I am excited to share her insights on blind spots in coaching, how AI can help at scale and what it really takes to prove the value of agility in the boardroom.
Seeing the Blind Spots Coaches Cannot Avoid
Most Agile coaches work across several teams. Different locations, different time zones, different levels of maturity. It sounds normal, but Allison is very clear about what this means in practice.
“Agile coaches do not scale,” she told me. “We are not in every meeting. We do not hear every comment. By the time something shows up in a retrospective, the moment for a real intervention has already passed.”
Those missing moments create blind spots. Teams may share curated metrics or filtered feedback, and important patterns stay hidden.
This is where Allison sees AI as a partner rather than a threat.
“We can use AI to look for patterns in flow, churn, rework, stakeholder satisfaction and even team confidence,” she explained. “It picks up the behavioural signals we would never see in real time on our own.”
Instead of relying only on what teams choose to report, coaches can work from a richer picture of how the system actually behaves.
At scale, the challenge becomes even sharper. A few coaches. Many teams. A lot of pressure to tell leadership what is really happening.
Allison is careful about the role of metrics here.
“A single metric is a very blunt instrument,” she said. “Velocity on its own does not tell you anything useful. What matters is clusters of metrics that show trends. We do not want to become the metrics police. We want to be the people who see the patterns.”
She emphasises that the intent is never to compare teams or name and shame. Instead, AI can highlight where refinement is weak, where work repeatedly rolls over, or where stakeholder engagement is low.
“If I have 5, 10, even twenty teams, I do not need to look at everyone every day,” she said. “With the right metrics and dashboard, I know exactly which five I need to see today and why.”

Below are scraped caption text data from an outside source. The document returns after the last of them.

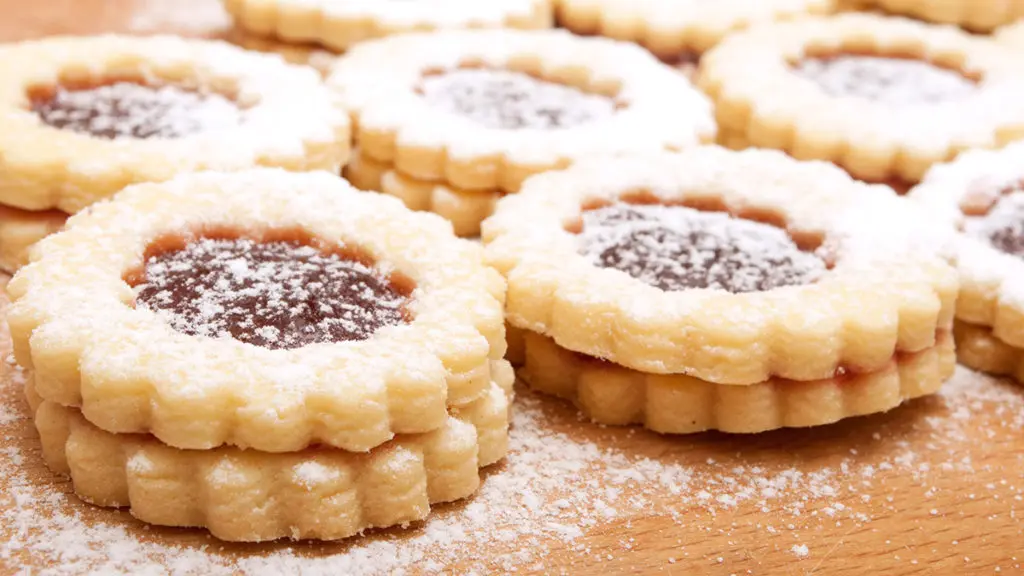 https://www.cheryls.com/blog/wp content/uploads///linzer cookies x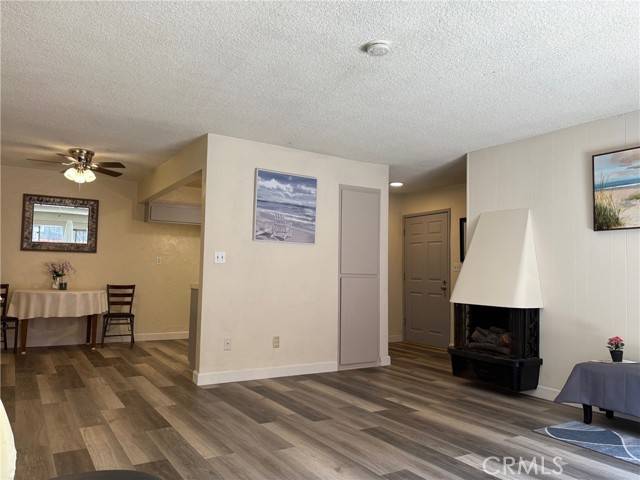 Redondo Beach, CA 90278,2706 Voorhees Avenue #4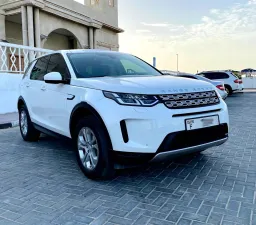 2020 Land Rover Discovery in dubai
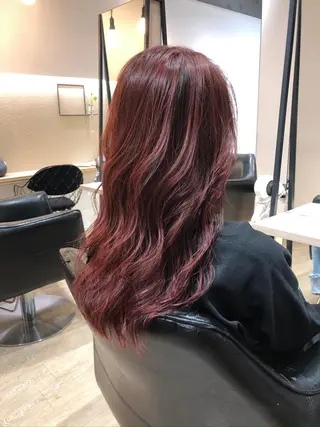 ロング カラー SALOWIN原宿iori所属・🩷🤍 NAMI🤍🩷のヘアスタイル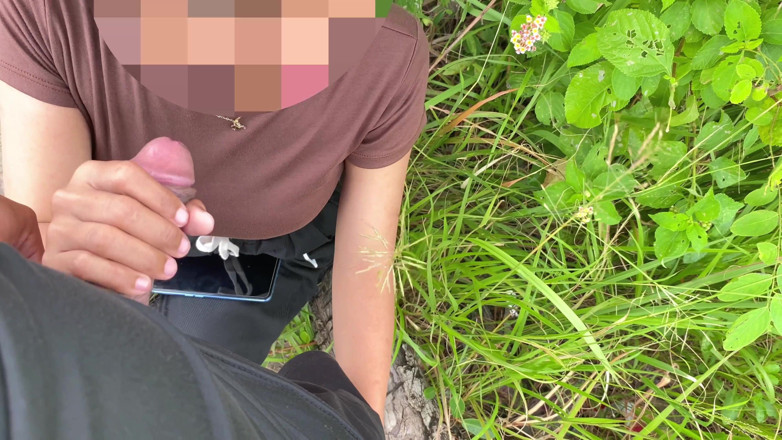 Pinay Shena Mae: Cum Swallow in Public.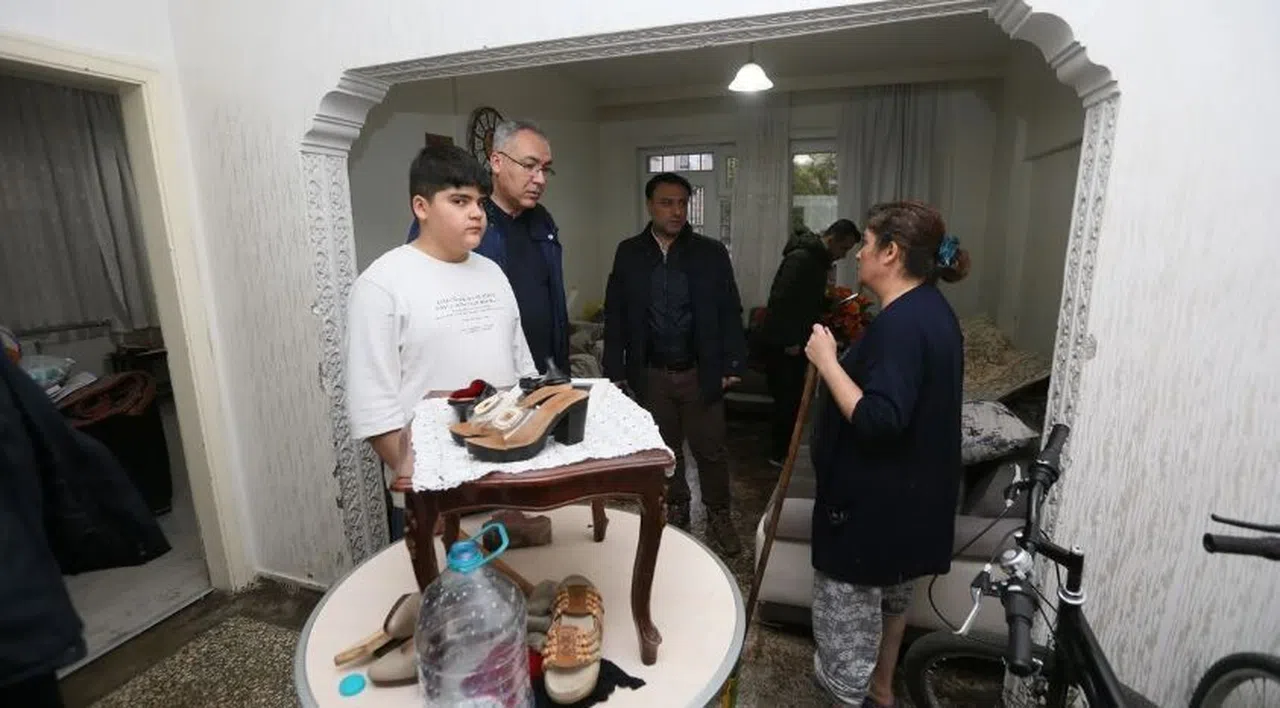 Gaziantep’te yoğun yağışın ardından su baskını olan evlere destek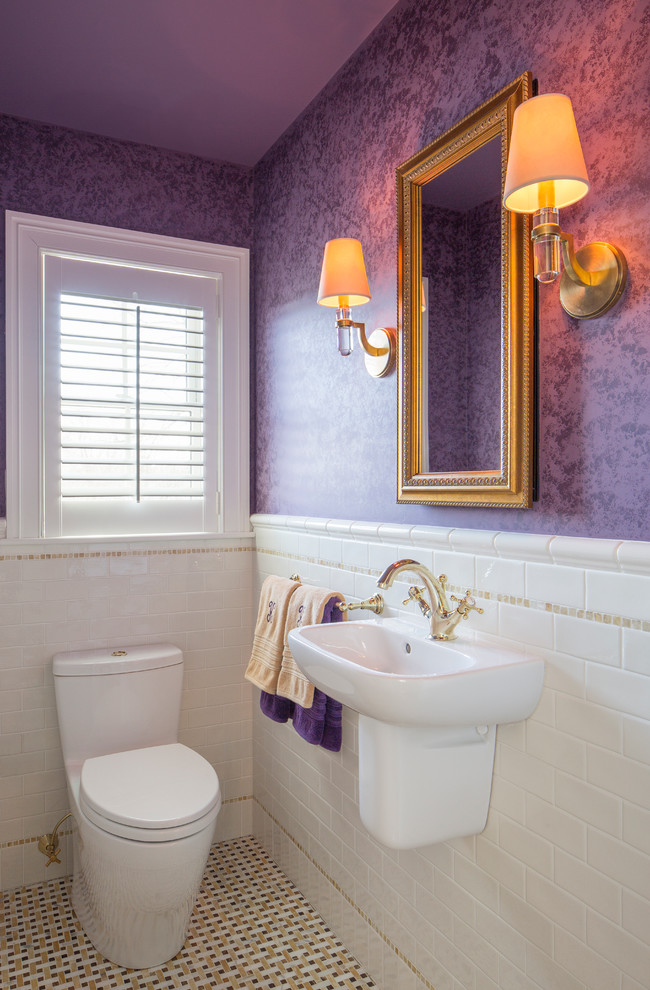 Cette image montre un petit WC et toilettes minimaliste avec un lavabo suspendu, un carrelage blanc, un carrelage métro, un mur violet et un sol en marbre.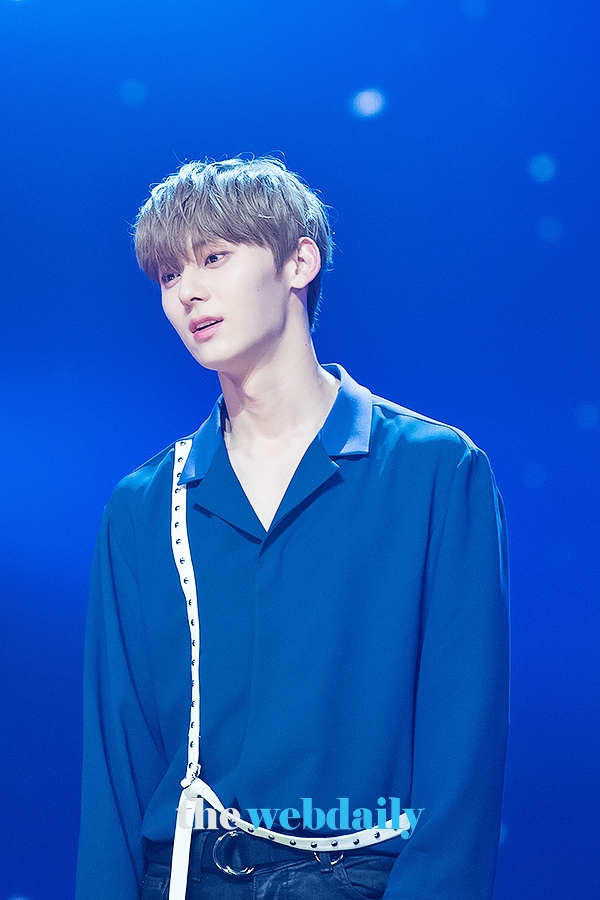 워너원(WannaOne) 황민현, MBC MUSIC '쇼챔피언' 생방송 현장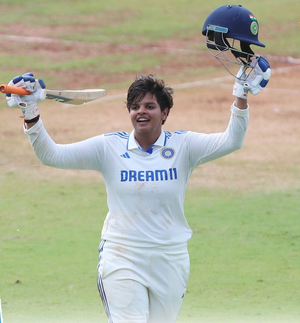 Shafali Varma, Smriti Mandhana power India-W to record-breaking score vs South Africa on Day 1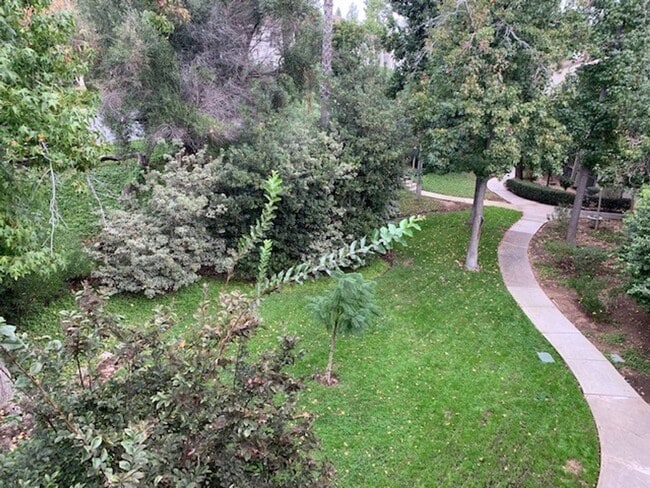 Building Photo - Spacious 1 Bedroom Parkway Pointe Condo! Unit 302 - -1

The result is more focused coaching and less noise for teams.
Proving That Agility Is Working
Sooner or later, every coach hears the question: “Is this Agile thing working?” Often very early, sometimes after the very first sprint.
Allison’s advice is to start in the executive’s world, not ours.
“We have to get in their shoes first,” she said. “What do they actually care about? Time to market. Risk. Customer outcomes. If we answer with story points and velocity, it does not land.”
Instead of promising that things will be faster, cheaper and better, she suggests using “rich data” that connects directly to outcomes.
“Show them that quality is improving. Show that cycle time is coming down. Show how better stakeholder engagement is reducing rework,” she explained. “When you have trends and leading indicators, they relax. They can see that we see the risks early and that we are on it.”
AI helps by turning thousands of small data points into readable patterns. Coaches no longer have to spend hours assembling spreadsheets. They can spend that time explaining what the data means and what needs to change.
Of course, AI brings its own fear. Some coaches ask her directly whether tools like Performalise are meant to replace Scrum Masters. Allison does not hesitate.
“No!” she said. “AI is there to do the work humans cannot do at scale. It handles repetitive analysis so we can focus on the human conversations. It moves us from reactive, after the car crash, to proactive, seeing that a crash is coming and going there now.”
“But AI is not taking away the judgement or the relationship. It is taking away the parts that machines are better at, so the humans can do the work that only humans can do.”
Silent Data and Performalise
Toward the end of our conversation, Allison introduced the idea of “silent data”.
“It is the data that tells the real story. The comments people make in daily scrums, the sentiment in reviews, the small signals that never make it into a slide deck.”
Performalize sits on top of tools like Jira or Azure DevOps and focuses on these human aspects of performance. It helps coaches see patterns across teams and gives leaders a more truthful picture of what is happening.
If you would like to explore Performalise, you can visit performalise.com or go to performalise.com/partner if you are a coach interested in working with the platform.
Allison’s insights are a powerful reminder that real agility is not just about boards, backlogs and ceremonies. It is about seeing what is really happening, telling the truth with data and keeping the human conversation at the centre of change.